Even Havinder Bedi of the New York Cycle Club, whom I suppose was chosen to represent the spandex-clad Lance wannabe set, can’t be goaded into giving Pitzi an incendiary quote:

“When there’s a pedestrian, we stop…”

So there you have it.  Average New Yorkers can not be convinced to meet tabloid journalists on the imaginary frontlines of the bikelash.  It’s as if the next thing we can expect to see on the local news is a befuddled Clint Eastwood yelling at a riderless bike.

Revolution

August 30, 2012

NBC is organizing New York City’s first ever bike-in screening featuring an exclusive premiere of J.J. Abrams’ new show Revolution, with 100 bicyclists powering the screening completely free of traditional power.  TA is providing a bike valet and there will be free snacks and beverages, I’m told.  The event is this Tuesday, September 4th and is bound to bring a lot of cyclists out for a nice evening along the water.

I have a couple of VIP tickets to give away, and will randomly select a commenter to get ’em.  Be as snarky/witty/intelligent/funny as you wish.

“I’m a liberal, but…”

August 28, 2012

I thought this last week’s New Yorker cover was okay, although I suspected that illustrator and avid motorist Bruce McCall meant it as a mild jab at the mayor’s push for a cleaner, calmer, and safer city.  Then I read McCall’s explanation and realized there was nothing mild about it:

“When I heard about Bloomberg blocking off part of Broadway for pedestrian malls a while back, I felt that it was wrong. It could cause gridlock with cars idling, spewing out exhaust, so it’d be just as bad,” says Bruce McCall about the inspiration for this week’s cover, “A Greater, Greener New York.” He continues: “The whole forcing people to become more ecologically ‘aware’ health-wise seems to me to be Big Brother imposing on people, really the personal philosophy of the mayor and his ‘do-gooder’ group.
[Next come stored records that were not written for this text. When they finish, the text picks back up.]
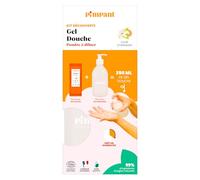 PIMPANT kit découverte gel douche fleur d’oranger en poudre à diluer - bouteille verre sécurisé + recharge 25 g - 250 ml - formule naturelle certifiée Cosmos Natural sans sulfate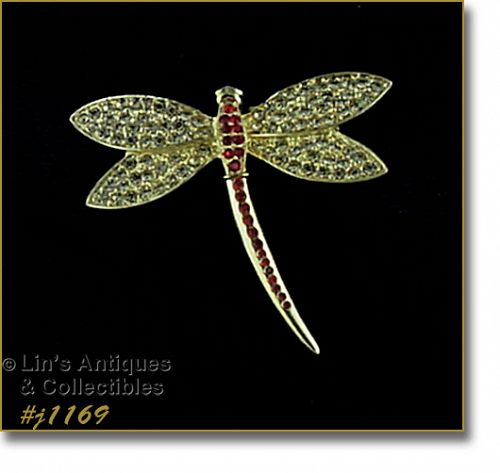 Signed Eisenberg Ice Rhinestone Dragonfly Pin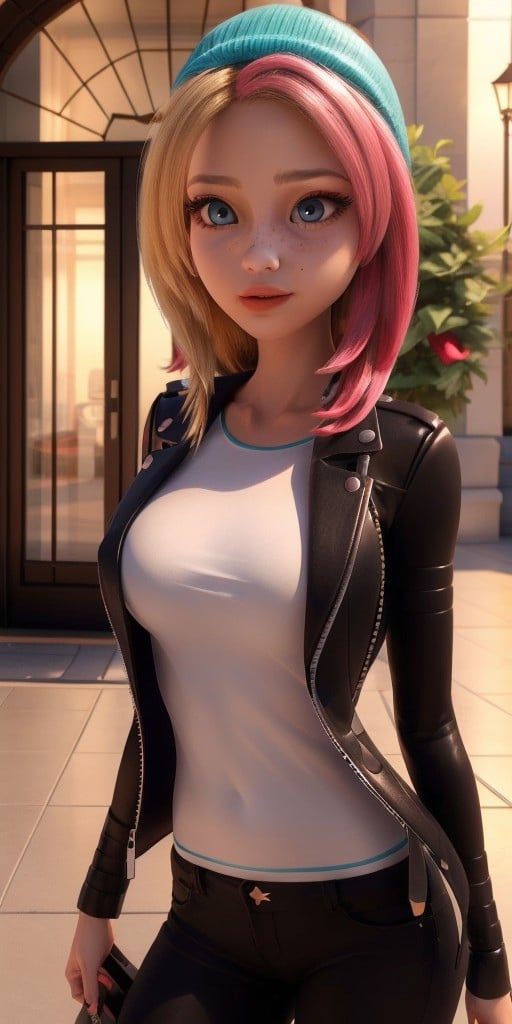 Hyperrealistic, photorealistic, super detailed, black unbuttoned jacket, white T-shirt, bright yellow jeans, vivid shade of azure eyes, shoulder length sandy blonde hair that has significantly shorter bangs with the ends reaching her shoulders, (hot pink dyed strands on the left side), light freckles, coral lips, body like in real life, large pores, peach skin tone, slender, beautiful arms, very little very flat breasts, unreal engine, octane render, droped shadow, bokeh, cinematic lighting, <lora:add_detail:0.5>, <lora:Volumetric_lighting:0.6>, Zoe Lee, , <lora:9c5d584a-ab50-49af-9d50-d339318f14f4:0.7>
I’m a liberal, but I find it offensive that we can’t be allowed to make our own decision about anything, and that there’s a better, ‘higher’ form of knowledge and expertise that we have to obey.”

“I’m a liberal, but…” is the “I like bike lanes, but…” of all irrational objection to common-sense solutions to every problem that plagues humanity.

McCall also calls worrying about one’s carbon footprint and doing what one can to save the environment a “liberal form of smugness,” which I’m sure his great-grandchildren will appreciate as they flip though old archives of his cover illustrations in the main branch of the public library in the floating city of New Chicago.